As far as I understand it, when estimating the population mean from a sample without knowing the population standard deviation $\sigma$, we cant use the $Z$-test. According to the Central Limit Theorem, the sampling distribution of sample means is a normal distribution with mean${}=\mu$ and variance${} = \sigma / \sqrt n$. But the sample standard deviation $s = \frac {\sum(x_i - \mu)^2}{n} $ underestimates the true population parameter $\sigma$ (i.e. $s < \sigma$). For that reason, we cannot apply Central Limit Theorem using the sample standard deviation directly.
But we use Bessel's correction precisely for this reason! Ww write $s = \frac {\sum(x_i - \mu)^2}{n-1} $ so that now $s ≈ \sigma$. My question is, after applying Bessel Correction, why cant we use Z test directly to estimate population mean $\mu$ ?

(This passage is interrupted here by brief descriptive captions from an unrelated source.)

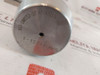 Aker Wirth 10094644 Locking Gooseneck Bolt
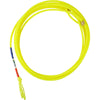 Classic Rope Xtreme Kid Rope, 25ft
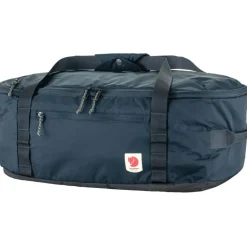 Hot Fjällräven High Coast 22 liter reistas navy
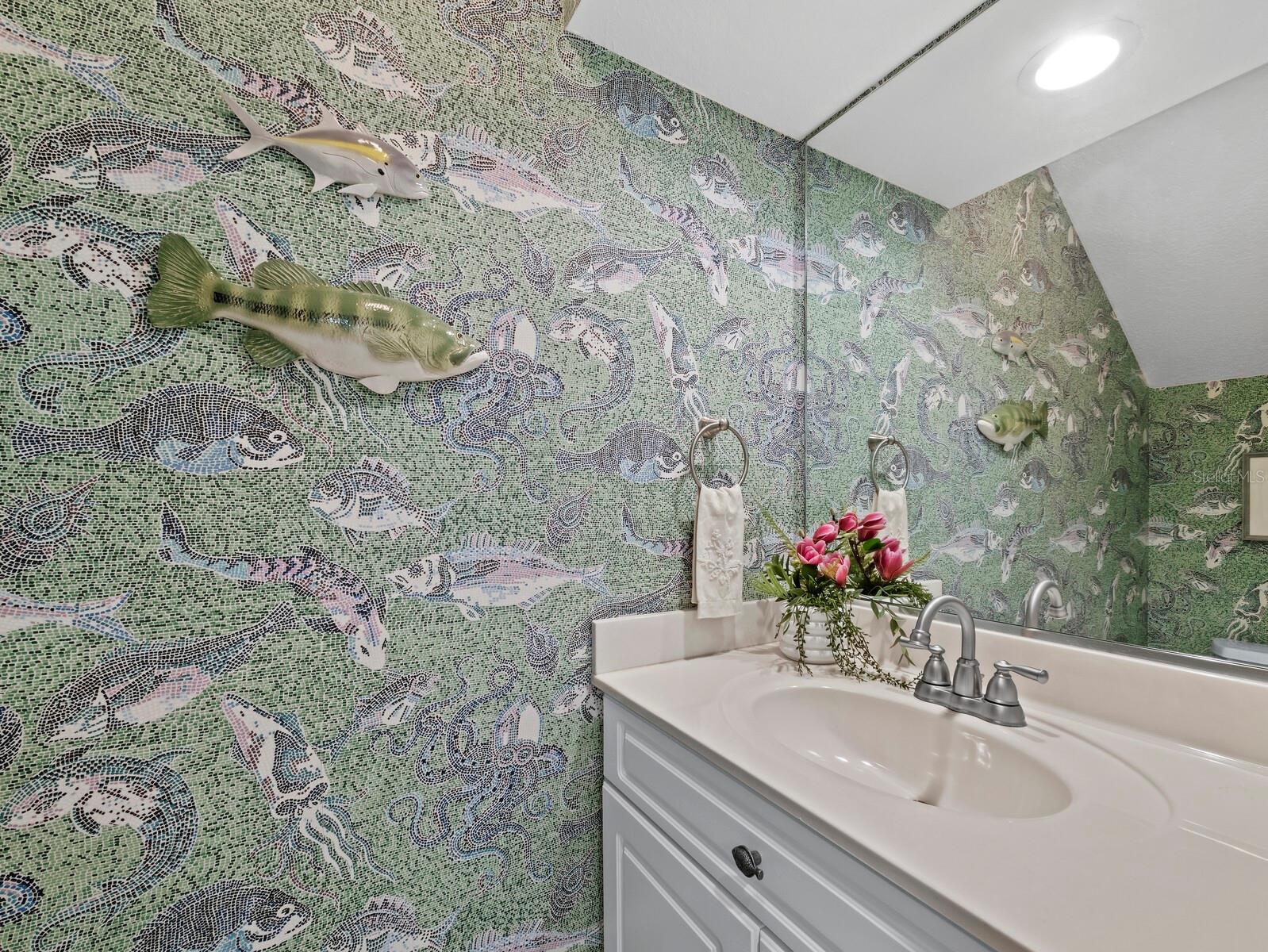 D6145839 Property Photo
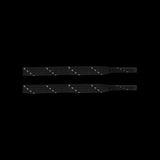 Fizik Gravita Tensor/Versor Lace Kit
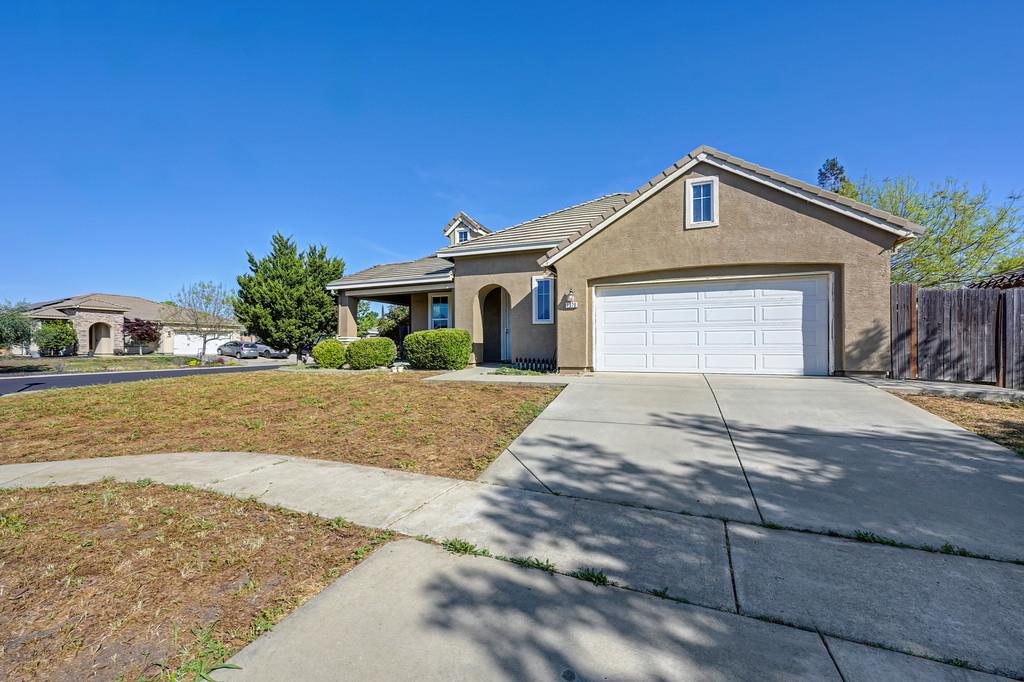 1379 Jacoby Creek Court
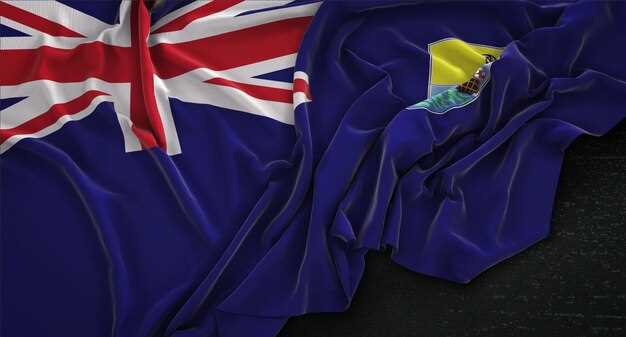 Governance Talks and Their Impact on the BVI
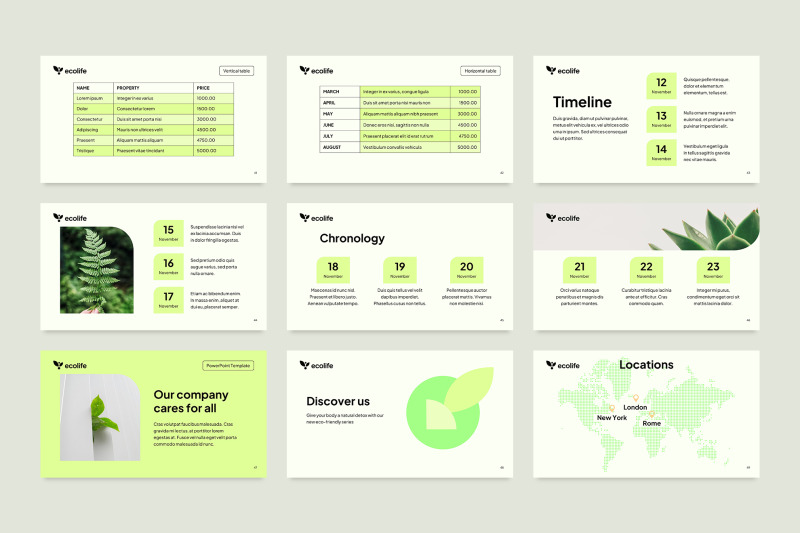 eco-friendly-powerpoint-template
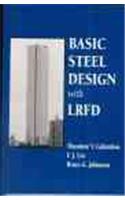 Basic Steel Design With LRFD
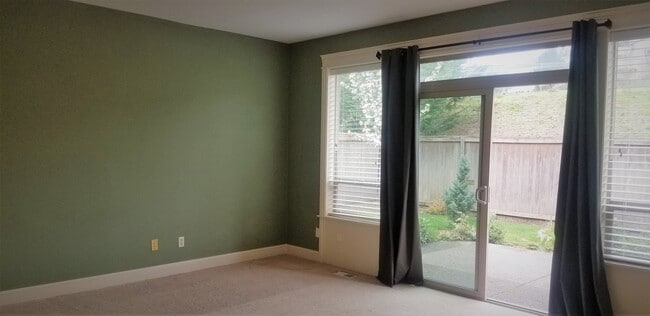 Building Photo - Camas Schools! Stunning Custom Home!  3 Be...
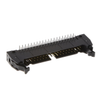 Headers, Male Pins - PS-40PE-D4LT2-M1E-ND - DigiKey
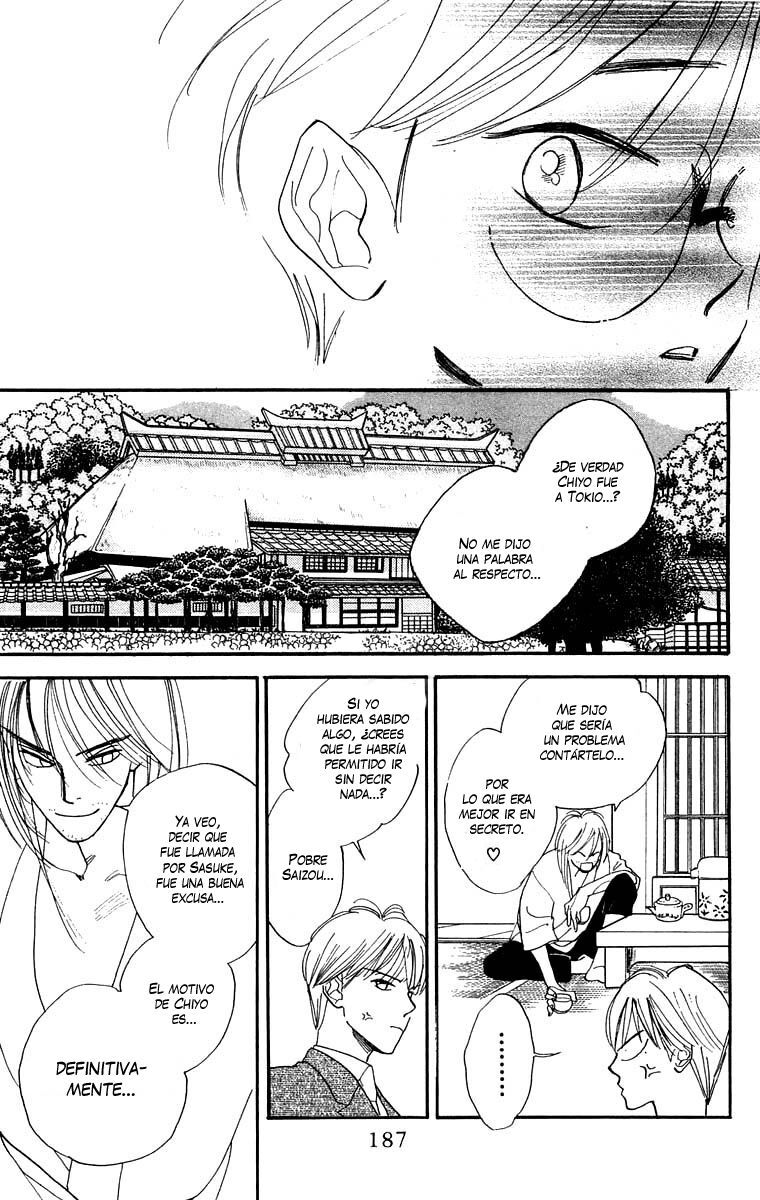 Capitulo 12 page 32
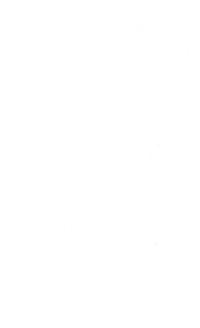 Extra Time Word Art Sticker by Expat. Roasters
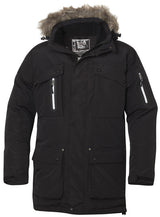 Clique kleding bedrukken?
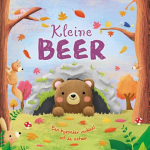 Rebo Productions Kleine beer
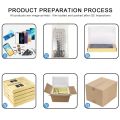 For Asus Zenfone 4 MAX Pro ZC554KL Power Button Volume Button Flex Cable Mobile Phone Replacement Parts. 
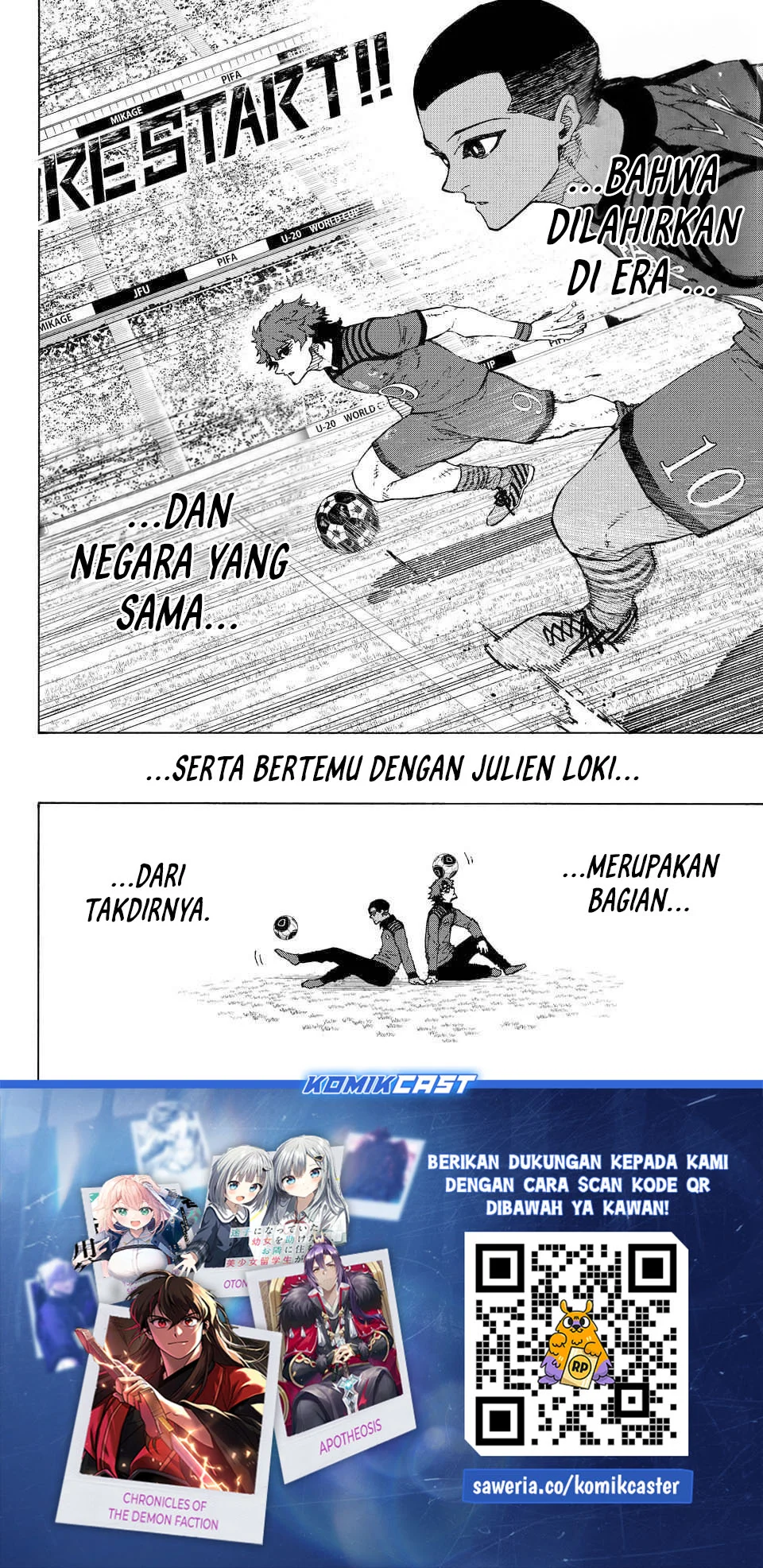 Halaman 59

The $T$-distribution is a bit flatter than the $Z$-distribution. This essentially says the fact that the population variance is a bit more than the variance we estimated from the sample. But did we not already take that into consideration by applying Bessel correction?
Now another question arises in this context. From the Central Limit Theorem, the sampling distribution is essentially a Normal distribution and nothing else. Never any other distribution, and certainly NOT a $T$-distribution. Just because we may fail to estimate the variance does not mean you should change the sampling distribution of sample means from a $Z$-distribution to a $T$-distribution. If instead of the $Z$-distribution, you would have taken some other Normal distribution with variance "a bit more than 1", at least that would have made sense. A $T$-Distribution looks like a normal distribution, but is NOT a $Z$-distribution with variance increased by some amount. Just because there may be some uncertainty in determination of the $\sigma$, why are you assuming that, some entirely other distribution should better approximate the distribution of sample means?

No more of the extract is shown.